Blindly supporting Israel’s extreme right-wing and militaristic policies is not the way to do that.
Such uncritical support contradicts the very liberal values that define Diaspora Jewry, driving away the younger generation of thinking Jews.”
Whatever one might think of his views about Israel, he is absolutely correct in his statement about Diaspora Jews in Australia.
I and others have raised this issue before and the Australian Jewish community leaders have imitated ostriches.
No-one has ever replied to any letter on the subject in The AJN, nor has there ever been a response at the plenum of the NSW Jewish Board of Deputies.
The situation requires a response to show that the elected leaders of the community have the slightest concern for the 60 per cent who have not affiliated with the community and to show that they have some concern for the future of a community that is more than 200 years old.
Based on past performance, the so-called leaders will stay silent and hope that the problem will go away. It won’t. They will demonstrate by their inaction that they should not call themselves leaders of the whole community.
IAN BERSTEN
Roseville, NSW
MISSED OPPORTUNITY
Professor Jeff Halper just blew the opportunity of a lifetime (AJN 03/04).
Given a chance to have a letter published in this newspaper, he failed to explain to readers why he led boat trips in support of Hamas-controlled Gaza, even while rocket attacks against Israeli civilians continued why his visit was sponsored by an array of anti-Zionists who openly show sympathy for Hamas (which calls for genocide against Jews and opposes meaningful initiatives for peace and reconciliation between Israelis and Palestinians) and why he has publicly called for the dismantling of Israel as a Jewish State.
Many Australian Jews would have been interested to hear why this self-styled “peace activist” opposes the peaceful, two-state solution supported by the international community and instead favours the establishment of what would inevitably become the 23rd Arab state in the region (and that, only after a prolonged period of bloodshed).
Many of us were puzzled to know why Prof Halper feels Israel must not be defended at any price against an enemy that teaches children of kindergarten age on public television to kill Jews and, in so doing, to become martyrs for the cause.

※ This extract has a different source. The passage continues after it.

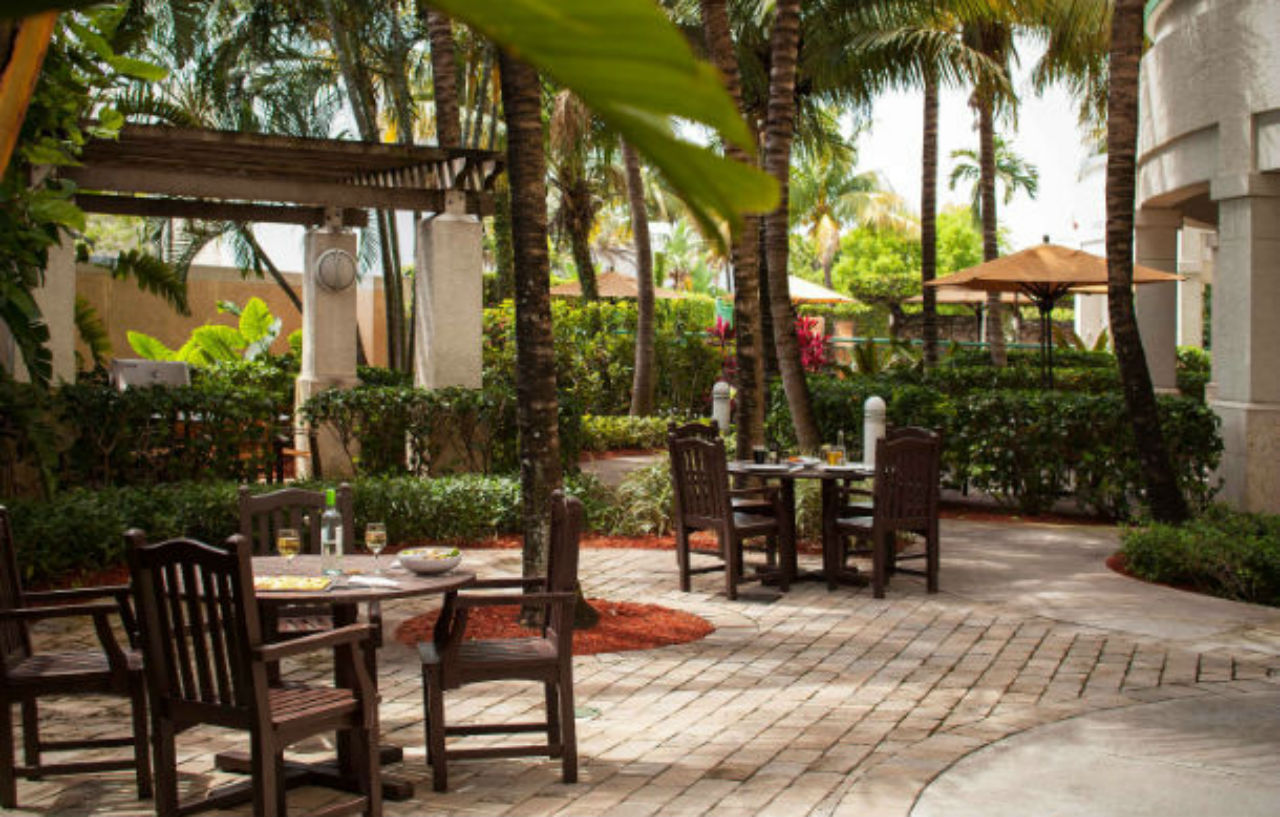 Courtyard By Marriott Fort Lauderdale Airport & Cruise Port Dania Beach Kültér fotó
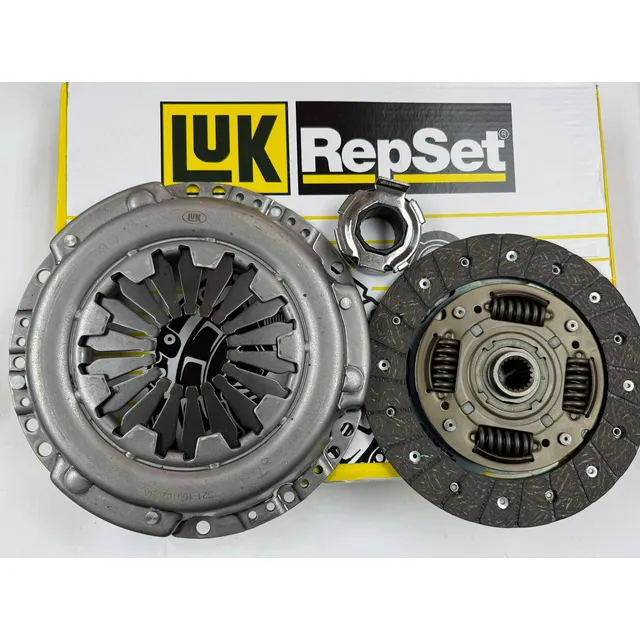 Kit Clutch Crochet Embrague Chery Arauca / X1 / Qq6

But instead of enlightening us and giving readers a “critical presentation” of his views on such matters, Prof Halper treated us as idiots and wasted the space available to him by playing the victim and resorting the familiar complaint that the Jewish community didn’t show him respect when he was here and that it had muzzled his voice.
The facts are that Prof Halper’s tour received its fair share of publicity (much of it free) but in the end, he not only failed to make out his case or win any respect rather he showed himself to be a total hypocrite.